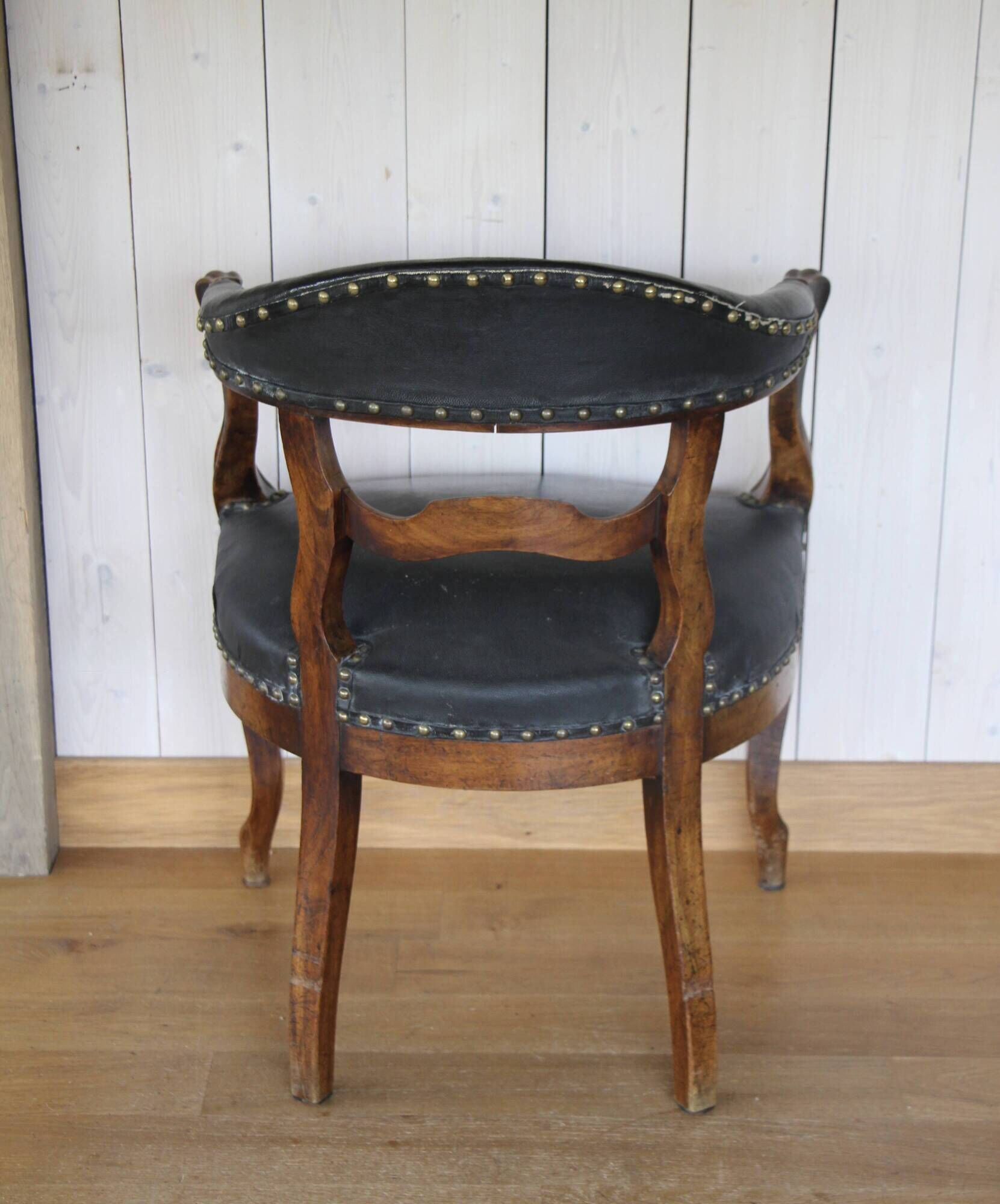19th-century notary office armchair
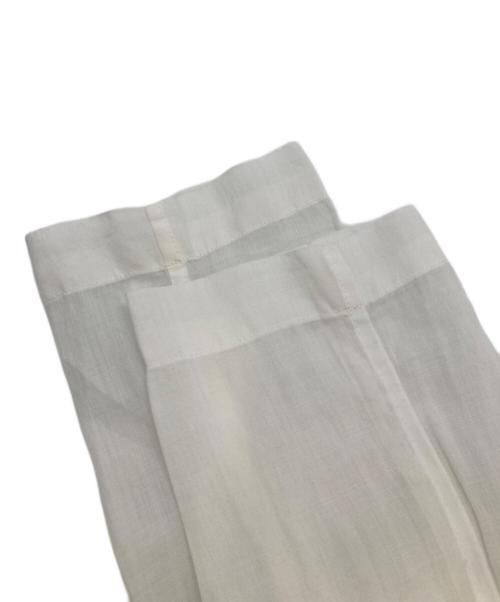 Whim Gazette（ウィムガゼット）Whim Gazette (ウィムガゼット) ラミージャケット オフホワイト サイズ:Fの古着・服飾アイテム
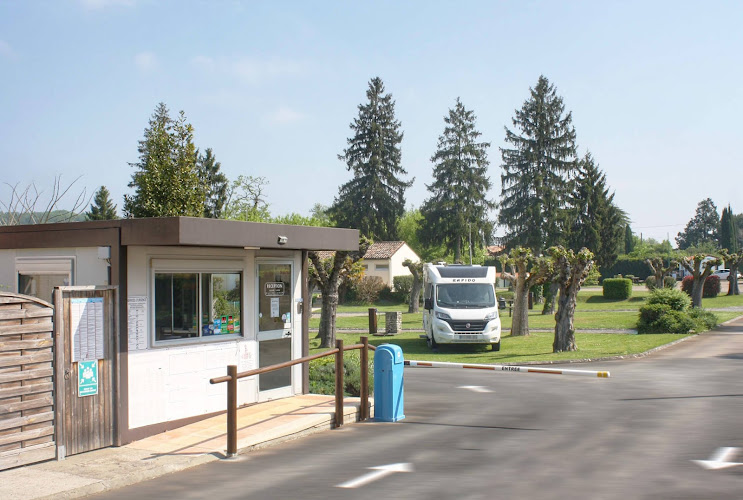 Camping de la Bastide à Pineuilh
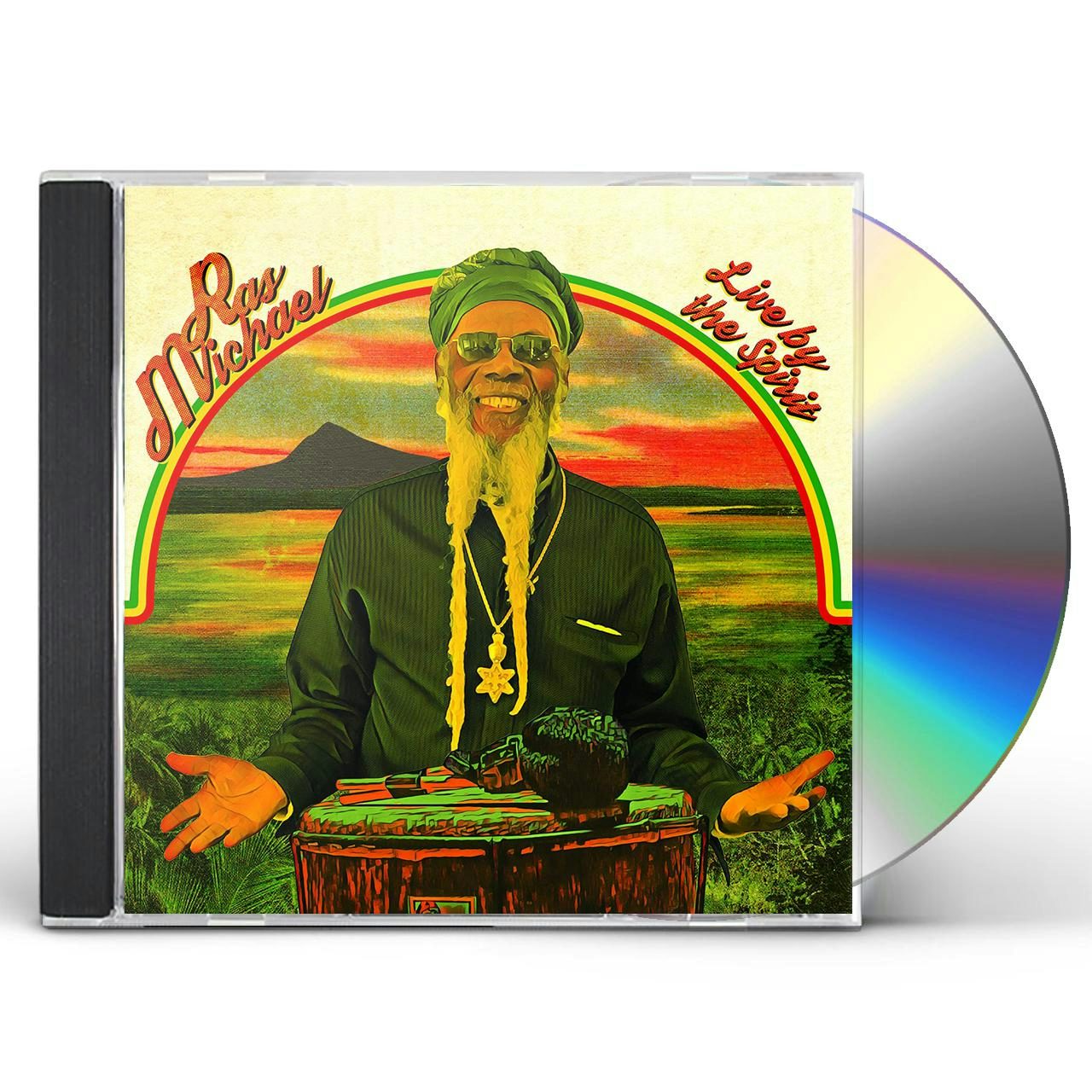 RAS MICHAEL: LIVE BY THE SPIRIT CD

* TASK GOAL: Give back exactly the lines from the line with "Whim Gazette（ウィムガゼット）Whim Gazette" through the end of the material above, inclusive, with no pictures.

* FINISHED TASK:
 Whim Gazette（ウィムガゼット）Whim Gazette (ウィムガゼット) ラミージャケット オフホワイト サイズ:Fの古着・服飾アイテム
 Camping de la Bastide à Pineuilh
 RAS MICHAEL: LIVE BY THE SPIRIT CD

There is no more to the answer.